### Task objective
With the exception of the pictures, write out the data below precisely.

### Given data
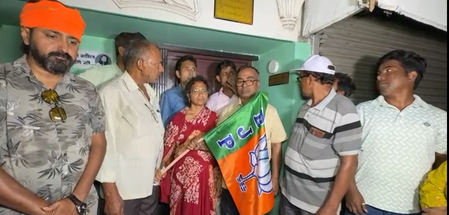 भाजपा से टिकट मिलने पर आरजी रेप पीड़िता की मां बोलीं, महिलाओं की सुरक्षा सुनिश्चित करना हमारी प्राथमिकता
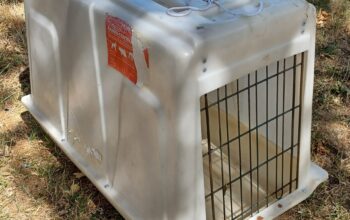 Large dog crate/kennel. 30″. Secure. Good conditio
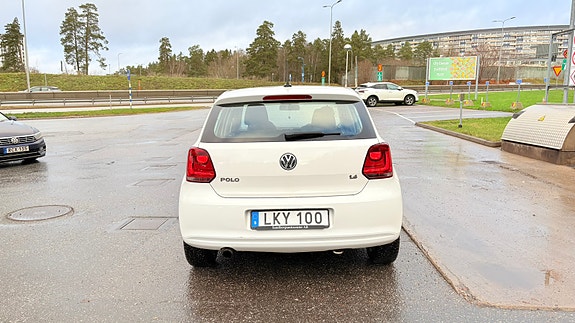 Volkswagen Polo 2 of 5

### Written solution
 भाजपा से टिकट मिलने पर आरजी रेप पीड़िता की मां बोलीं, महिलाओं की सुरक्षा सुनिश्चित करना हमारी प्राथमिकता
 Large dog crate/kennel. 30″. Secure. Good conditio
 Volkswagen Polo 2 of 5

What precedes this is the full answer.